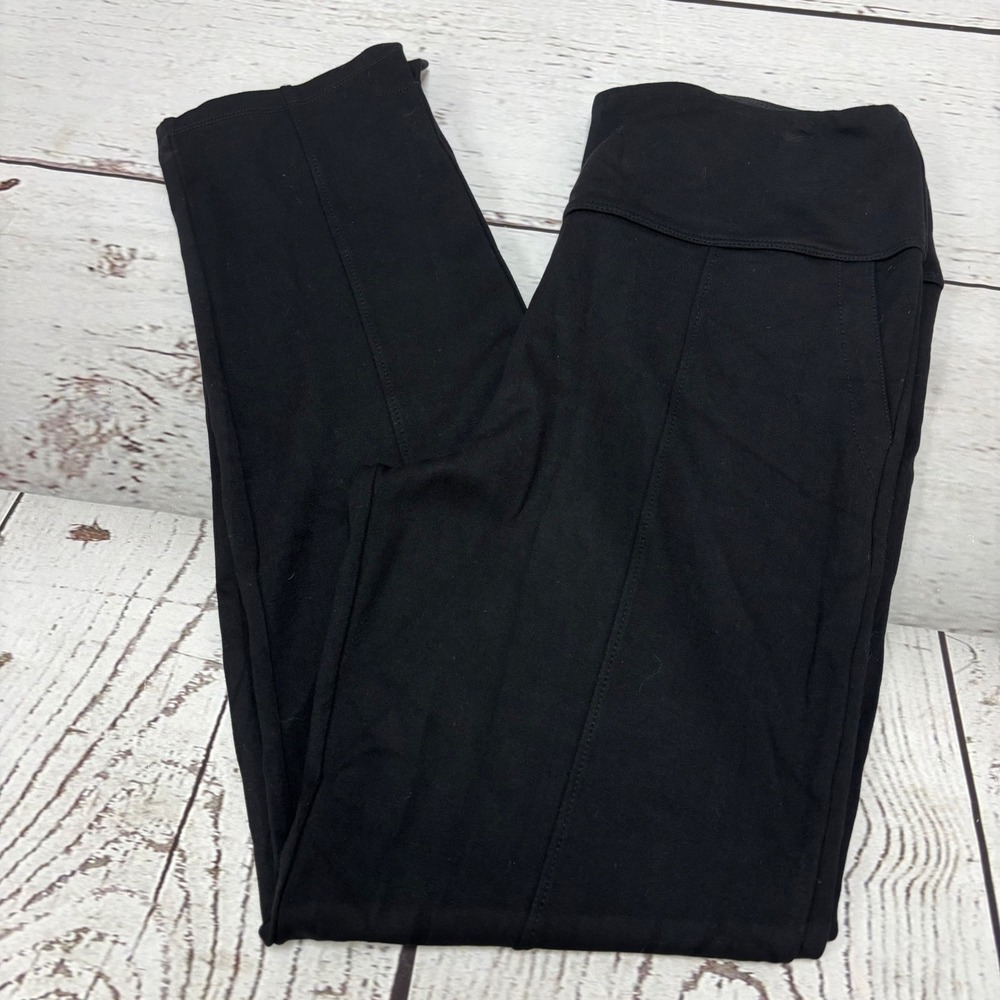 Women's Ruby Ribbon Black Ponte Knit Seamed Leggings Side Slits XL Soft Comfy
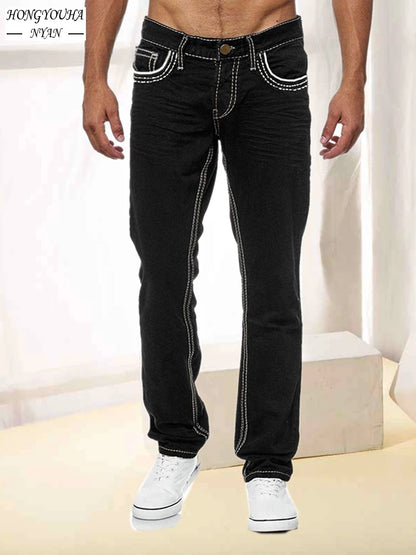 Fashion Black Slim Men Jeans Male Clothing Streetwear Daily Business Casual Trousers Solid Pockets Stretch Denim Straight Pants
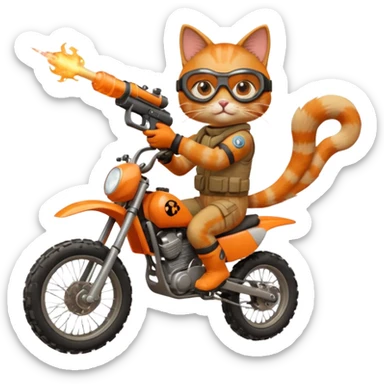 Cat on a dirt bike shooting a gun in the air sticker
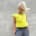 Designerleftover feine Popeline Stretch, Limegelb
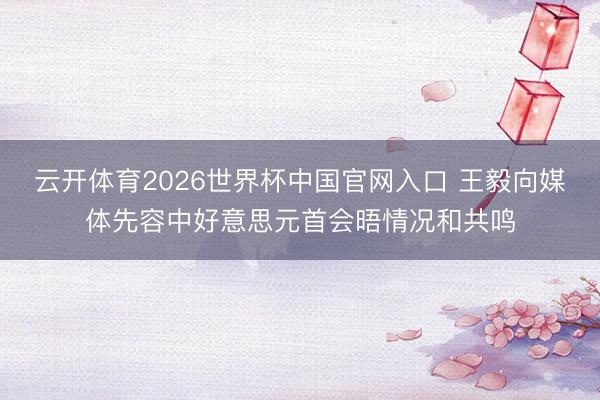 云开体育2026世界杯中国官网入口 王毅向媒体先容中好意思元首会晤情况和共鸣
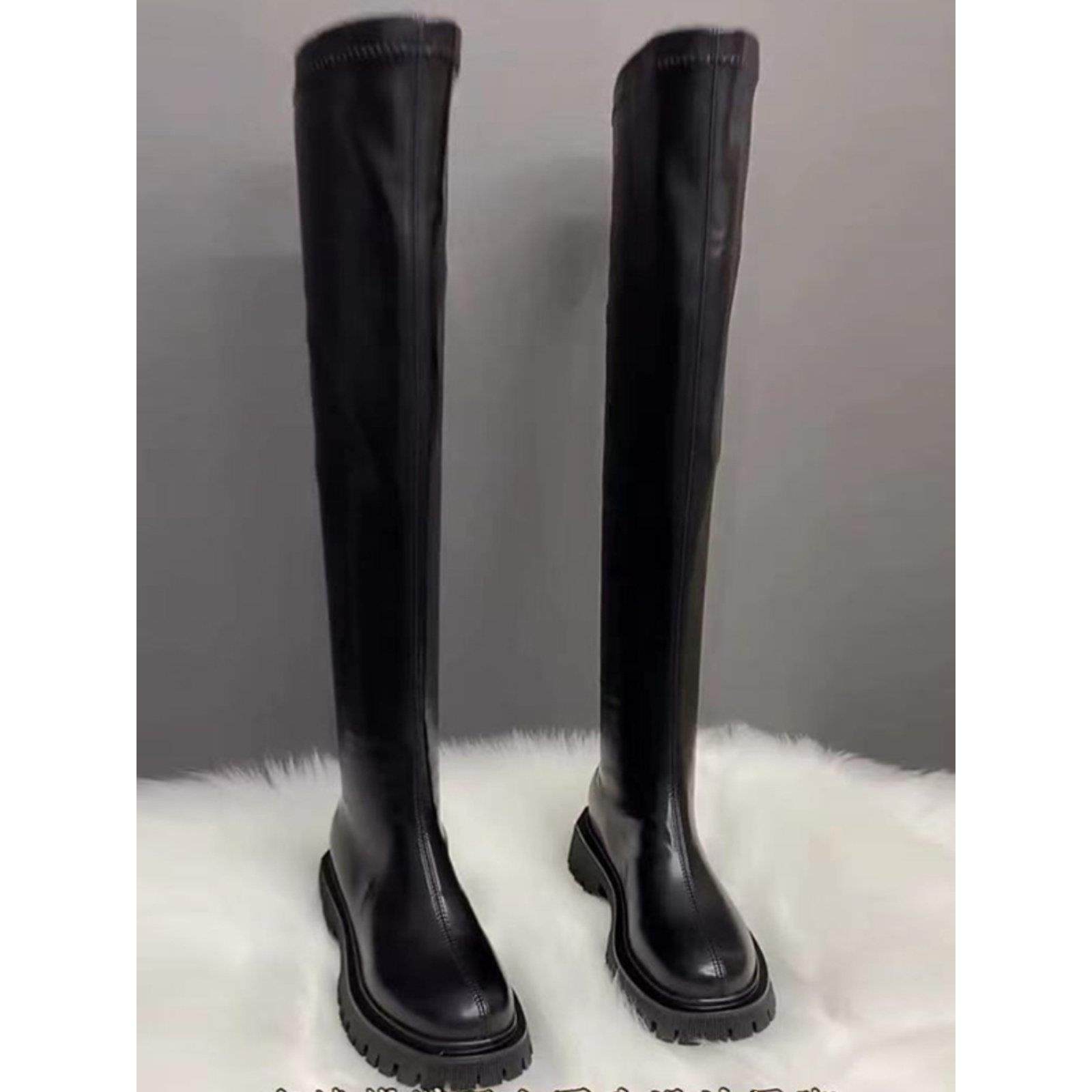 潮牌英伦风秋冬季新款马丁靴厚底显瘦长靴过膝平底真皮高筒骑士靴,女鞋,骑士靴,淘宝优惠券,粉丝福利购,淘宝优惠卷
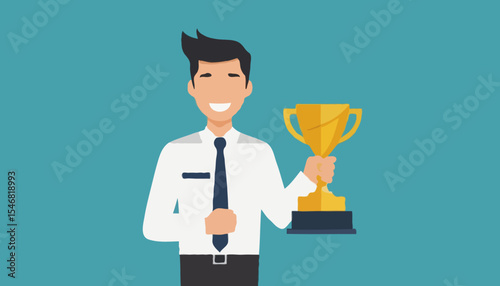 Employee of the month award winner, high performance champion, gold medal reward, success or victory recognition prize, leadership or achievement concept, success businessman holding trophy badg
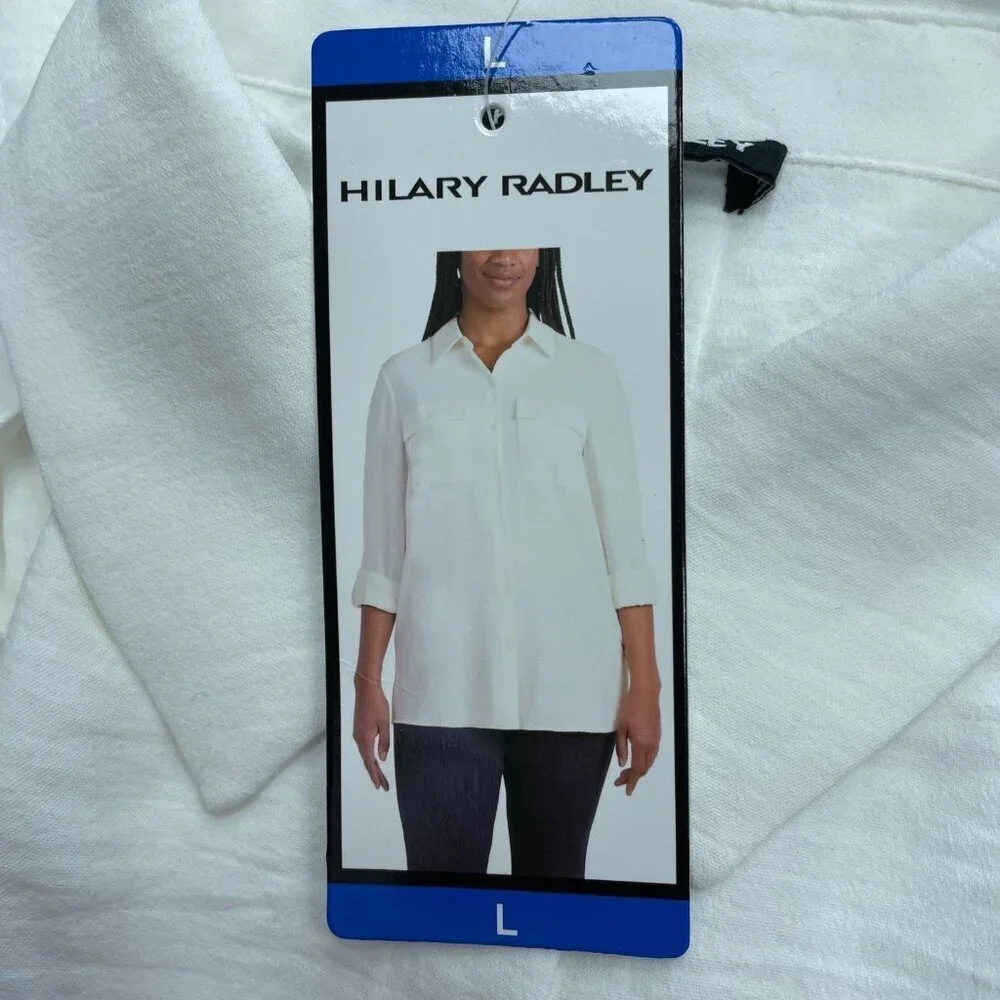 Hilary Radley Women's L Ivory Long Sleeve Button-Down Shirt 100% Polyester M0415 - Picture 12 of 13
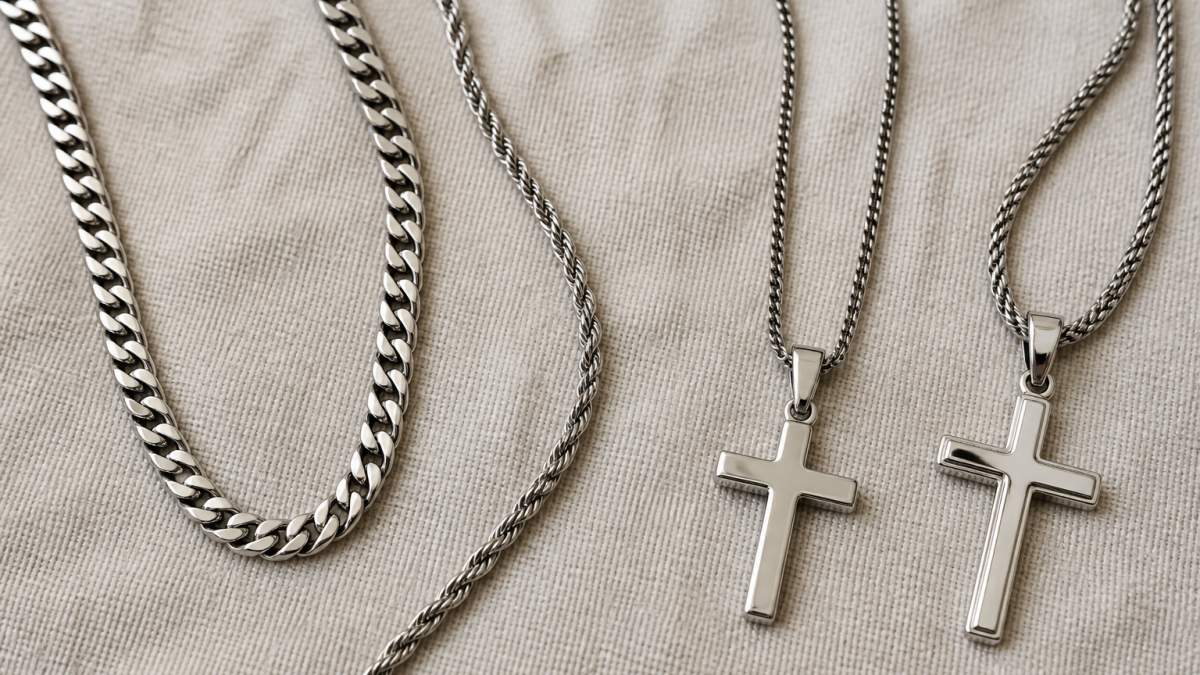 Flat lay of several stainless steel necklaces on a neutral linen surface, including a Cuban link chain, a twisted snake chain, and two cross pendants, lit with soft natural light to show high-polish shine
═══
__Aim of the exercise__: Write the entries out again exactly as they appear, with the pictures omitted.

__Solution for this task__:
 Women's Ruby Ribbon Black Ponte Knit Seamed Leggings Side Slits XL Soft Comfy
 Fashion Black Slim Men Jeans Male Clothing Streetwear Daily Business Casual Trousers Solid Pockets Stretch Denim Straight Pants
 Cat on a dirt bike shooting a gun in the air sticker
 Designerleftover feine Popeline Stretch, Limegelb
 云开体育2026世界杯中国官网入口 王毅向媒体先容中好意思元首会晤情况和共鸣
 潮牌英伦风秋冬季新款马丁靴厚底显瘦长靴过膝平底真皮高筒骑士靴,女鞋,骑士靴,淘宝优惠券,粉丝福利购,淘宝优惠卷
 Employee of the month award winner, high performance champion, gold medal reward, success or victory recognition prize, leadership or achievement concept, success businessman holding trophy badg
 Hilary Radley Women's L Ivory Long Sleeve Button-Down Shirt 100% Polyester M0415 - Picture 12 of 13
 Flat lay of several stainless steel necklaces on a neutral linen surface, including a Cuban link chain, a twisted snake chain, and two cross pendants, lit with soft natural light to show high-polish shine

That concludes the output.